In October 2018, the Intergovernmental Panel on Climate Change announced the world is on track to exceed the global warming threshold of 1.5°C above pre-industrial levels within 12 years. Beyond 1.5°C warming, the world will experience unprecedented rises in natural disasters, food insecurity, and poverty. Based on recent dialogue, policymakers, funders, and climate scientists are at risk of promoting myopic solutions that omit the voices of those most marginalized by the climate crisis: rural and indigenous women.
Rural and indigenous women farmers account for 45-80% of all food production in developing countries and have long led in preserving the economic and social vitality of their communities in the face of climate change. Global Fund for Women champions these women. From supporting groups helping women access land titles in rural Uganda, to women safeguarding indigenous seeds in Kenya, to groups reclaiming land and water resource management in India—the grassroots women Global Fund for Women partners with are the leaders in creating resilient communities in the face of the climate crisis. This Earth Day we celebrate and recognize the work of these grassroots women.
Sheelu Francis, founder of Tamilnadu Women’s Collective — a Global Fund for Women grantee partner — is one such leader with 25 years of experience mobilizing women farmers in India. Her experience working with women farmers in India exemplifies the link between climate change and women’s rights.
Women’s Collective Works with Smallholder Women Farmers to Anchor Household Food Security
Sheelu and her colleagues in Women’s Collective mitigate the economic and physical displacement of the primary food producers of India – smallholder women farmers. While women farmers are the anchors for food security at the household level, studies estimate that they own less than 15% of farmland—with some estimates as low as 2%. Because women do not have access to the same land rights as men, and are not given the same entitlements (such as subsidies), they are not recognized as farmers. Without equality for women farmers to have access and control over their property and resources, efforts to increase food security during the climate crisis will ultimately fail.
Women’s Collective creates interventions that are grounded in women’s agency to demand their rights. Through support networks – or collectives — women farmers group their resources together in order to farm plots of lands that they share. These collectives also work together to demand women’s rights to land, market access, and entitlements. “Participation of the people is the key to all of our successes,” says Sheelu.
Women Farmers Banding Together
“The goal [of Women’s Collective is] to get women farmers in control of natural resources and to protect them,” says Sheelu. As the climate crisis amplifies, the collective voice of women farmers will become crucial to protecting the resources and rights needed to safeguard food security.
Since it started in 1994, Women’s Collective has grown from operating in just 6 villages to having presence in nearly 1,000 villages. “My biggest achievement in my life is that at least 10,000 families are eating safe, nutritious food,” says Sheelu. Today, Women’s Collective has a membership of 28,697 and has led women’s ownership of 722 acres of land.
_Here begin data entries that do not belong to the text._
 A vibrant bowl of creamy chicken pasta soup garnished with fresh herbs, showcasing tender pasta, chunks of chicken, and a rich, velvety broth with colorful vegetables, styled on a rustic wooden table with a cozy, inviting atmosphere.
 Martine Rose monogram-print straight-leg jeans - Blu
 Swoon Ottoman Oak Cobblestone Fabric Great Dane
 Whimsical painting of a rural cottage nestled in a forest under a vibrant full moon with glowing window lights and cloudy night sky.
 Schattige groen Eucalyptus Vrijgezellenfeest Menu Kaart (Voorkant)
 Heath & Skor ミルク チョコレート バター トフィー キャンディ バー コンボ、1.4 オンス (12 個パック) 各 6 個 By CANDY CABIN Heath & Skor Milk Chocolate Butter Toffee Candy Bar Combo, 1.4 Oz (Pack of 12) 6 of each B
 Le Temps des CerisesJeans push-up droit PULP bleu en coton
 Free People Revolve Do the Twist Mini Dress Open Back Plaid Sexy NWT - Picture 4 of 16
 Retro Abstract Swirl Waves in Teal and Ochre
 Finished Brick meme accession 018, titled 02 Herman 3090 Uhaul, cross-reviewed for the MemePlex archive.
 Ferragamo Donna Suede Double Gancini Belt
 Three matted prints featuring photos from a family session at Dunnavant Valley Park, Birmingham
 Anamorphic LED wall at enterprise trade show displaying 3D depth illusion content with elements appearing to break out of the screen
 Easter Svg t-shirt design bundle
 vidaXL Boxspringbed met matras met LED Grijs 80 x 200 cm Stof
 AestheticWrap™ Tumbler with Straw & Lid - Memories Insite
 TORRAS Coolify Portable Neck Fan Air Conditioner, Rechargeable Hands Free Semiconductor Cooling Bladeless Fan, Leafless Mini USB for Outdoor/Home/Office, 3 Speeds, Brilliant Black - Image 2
Sheelu and her colleagues have helped equip women in rural India with the support networks, farming capacity, and community organization skills to lead their communities to food security. These women live at the forefront of climate change’s effects — and also at the forefront of building climate justice in their communities.
Climate Change and Women’s Rights
The world cannot adapt to the realities of climate change without recognizing and incorporating women’s inputs.
The global dialogue and funding streams around climate change adaptation and mitigation prioritize political, policy, and research leadership that is predominately male. Separating women and women’s rights from climate change policies overlooks the agents of change who have been leading food security in their communities for decades. The FAO reports that if women farmers had the same economic resources as men (labor, technology, resources, market access), then their farms could produce 20-30 percent more, increasing the total agricultural output in developing countries by up to 4%. This increase in production could in turn reduce the number of hungry people in the world by 12–17% — that’s approximately 100-150 million people. The linkage with climate change and women’s rights is clear: the only way to adapt to the climate crisis is to ensure women have the resources to lead climate resilient communities.
We celebrate Sheelu Francis and Women’s Collective in their 25th year of fighting for women’s rights and climate justice in India and the millions of women farmers working towards food security and climate resistance.